# food



## uncdub13 (Aug 9, 2003)

Saw this topic on another site, but what kinda food/drinks do you pack when you hit the water?


----------



## Mark Law (Sep 17, 2006)

Sandwiches,granola bars, and of course lots of SUN DROP!


----------



## Sharkbait23602 (Nov 23, 2006)

2 frozen water bottles, they melt when i need em later. 

bottle of gatorade. 

chive and onion cream cheese nabisco crackers.

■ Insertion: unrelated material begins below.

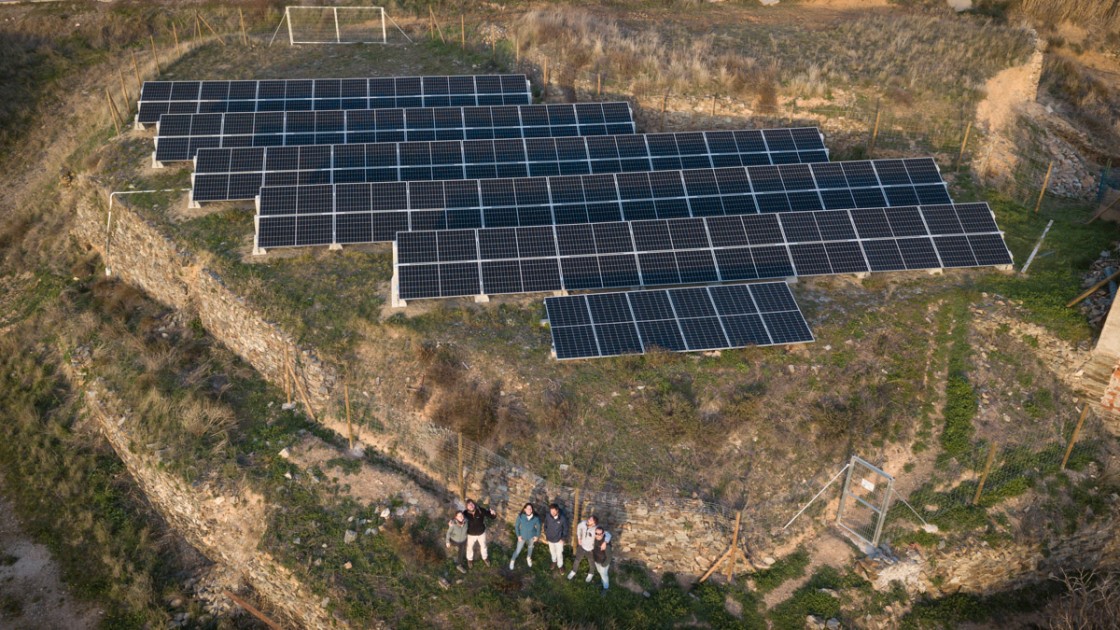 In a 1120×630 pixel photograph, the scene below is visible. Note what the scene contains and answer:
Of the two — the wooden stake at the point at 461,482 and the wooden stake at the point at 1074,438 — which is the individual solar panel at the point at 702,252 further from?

sandwhich if its a long trip


----------



## wolfva (Nov 17, 2006)

Couple bottles of cold water, an entree or secondary dish from an MRE. Maybe a pack of cheese and crackers. Hopefully I get back in with alot more food then I went out with....


----------



## Rockstar (Jun 23, 2004)

For a long trip:

1liter of water
1 large gatorade/energy water crap
Protien bar 
Salsa flavored combos (yum)
Peanuts, almonds, etc.
Sandwich if it's gonna be awhile.
Maybe a Snickers bar or somethin for the munchies


----------



## Hannibal (Aug 10, 2007)

A few bottles of water. Some frozen some just cold. Usually some snack bars or cheese/crackers. Likely a few beers as well.


----------



## Too Busy (Sep 7, 2007)

3 liter camelback partially frozen
pint bag of trail mix
ham and cheese or turkey and cheese sandwich


----------



## dafishguy (Apr 13, 2006)

Pack like you are going to work with no stores in the area. The frozen water is good as it serves a double purpose. Me self, I like Wheat Thins with Natural peanut butter, and nuts, and maybe a brew or 2 if it is evening fishing


----------



## charliechurch (Nov 27, 2007)

Lots of water, I usually bring around 3 water bottles and sometimes even more. I made the mistake of forgetting water once and well, thats not happening again. I also will just pack around two sandwiches if I plan on staying out for an extended period of time.


----------



## fishingrod (May 3, 2004)

-2 bottles of gatorade
-2 bottles of water
-2 or 3 bagles
-2 Powerbars
-2 Powergels
-turkey and cheese sandwhich and chips
-a couple of beers

I'm usually sipping water/gatorade and snacking on bagels the entire time on the water. If I'm far from the ramp and my energy is low then I tap into the Powerbars or Powergel. I usually have my turkey sandwhich at the end of my trip and crack open a beer or two once I am close to the ramp at the end of the day.


----------



## Jesse Lockowitz (Feb 13, 2006)

usually, just a few bottles of water.....myb a pack of chips/crackers..




Jesse


----------



## Soaked (Jul 21, 2006)

I eat a big breakfast in the morning and take 3 frozen waters and 1 frozen Gatorade. I usually bring home my lunch/supper.


----------